A few hours later, the meeting is finally over. I'm exhausted. Not from the content — from the atmosphere. Suzanna didn't yell. She didn't need to. She spoke slowly, with that calm that cuts deeper than shouting. Changes. Restructuring. And most of all… a new director. Coming soon.
I didn't ask questions. No one did. But I can feel something brewing. Something heavy.
Brenda and I meet at the café down the street. She's already seated, sunglasses pushed up, smile wide. But this time, I'm the one who needs to talk.
I sit across from her, heart still tight.
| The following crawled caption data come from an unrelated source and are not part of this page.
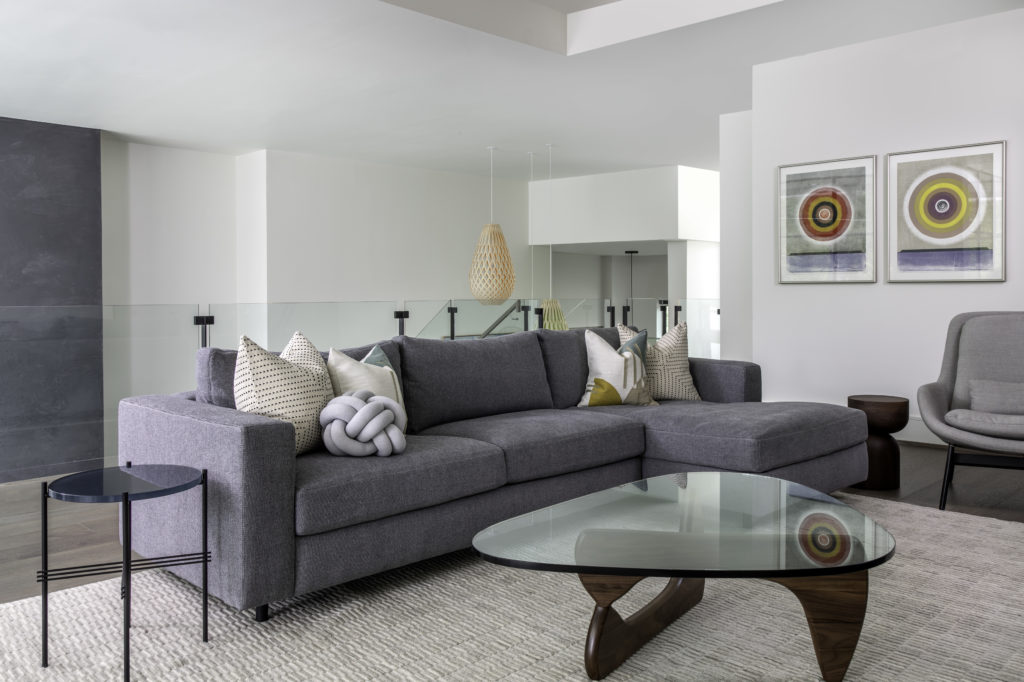 The second floor media room (Photo by Kerry Kirk)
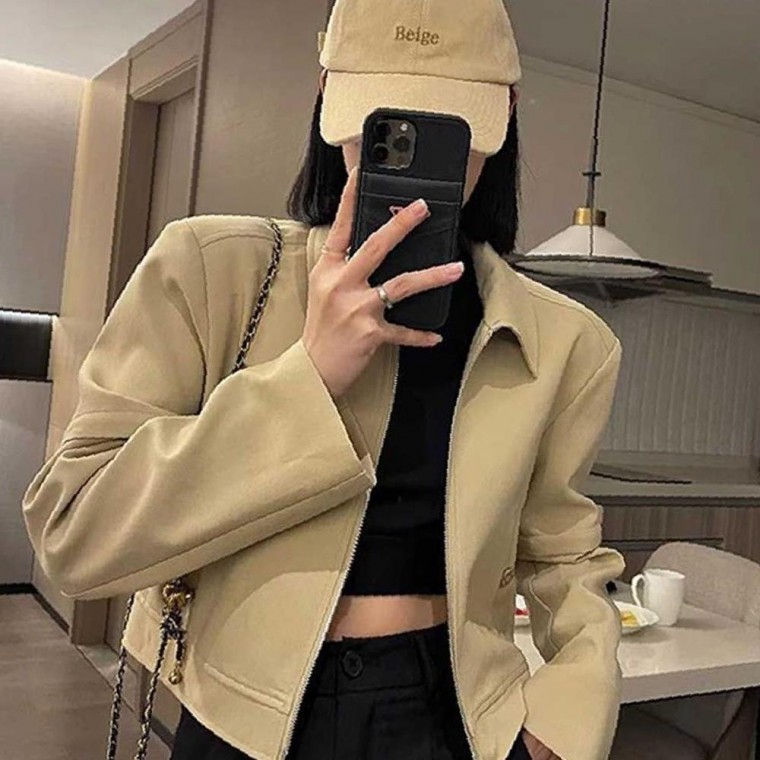 크롭 집업 블루종 가을 간절기 자켓 카라 여성 아우터 67,730원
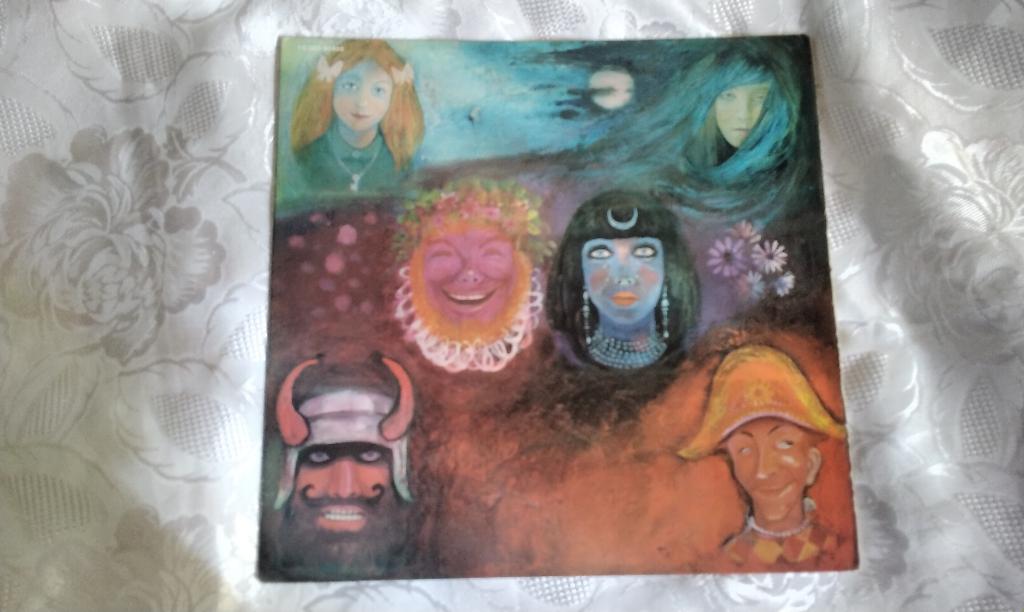 Lp King Crimson In The Wake Of Poseidon Origineel GE 1970, Ophalen, Progressive, Gebruikt, 1970 - 1979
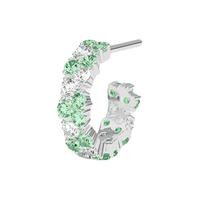 APM Monaco淡绿色水滴圈形耳环耳钉小号耳饰简约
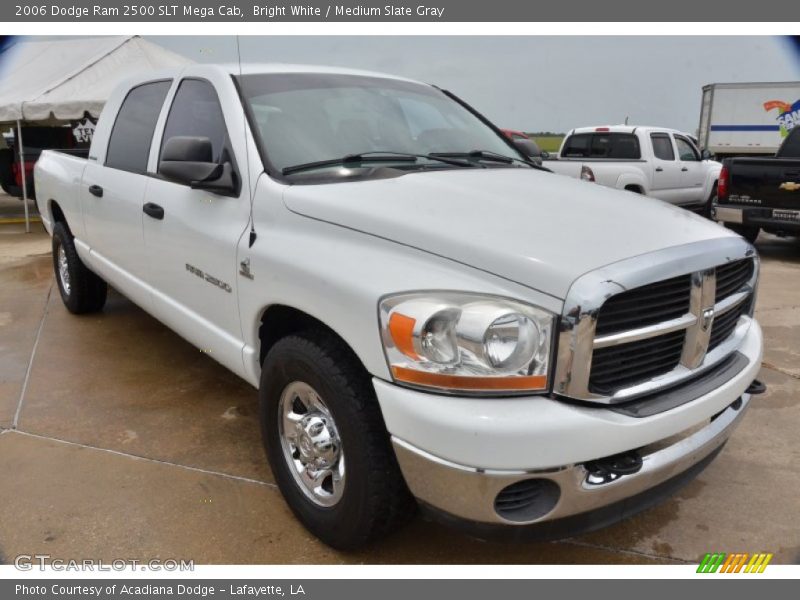 Bright White / Medium Slate Gray 2006 Dodge Ram 2500 SLT Mega Cab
She looks at me, curious, ready to launch into her stories. But I cut her off.
"I'm the one with things to tell you," I say, dropping my bag. "And they're not small."
She raises an eyebrow, intrigued. And I don't even know where to begin.
I drop my bag, sit across from Brenda, and I don't wait. No buildup. No soft landing.
"I made love to a stranger last night"
She blinks — one beat too long. Her smile freezes, then returns, gentler, more cautious.
"Wait… what?"
I don't repeat it. I don't need to. I look at her, and she knows it's not a joke, not a provocation.
My heart pounds harder, but I don't look away. I want her to know. I need someone to know.
Brenda's mouth falls open in shock. She freezes for a second, then leans in, eyes wide with a mix of disbelief and curiosity.
"Wait… what? How did that even happen? And… how was it?"
I glance away, fingers tracing the rim of my cup.
"I wasn't exactly myself," I murmur. "I'd been drinking. Too much. I was… somewhere else. I remember flashes. Movements. A voice. And then… nothing clear."
I look back at her, more serious now.
"What's really messing with me isn't what I did. It's that I can't stop thinking about him. This stranger. Someone I know absolutely nothing about."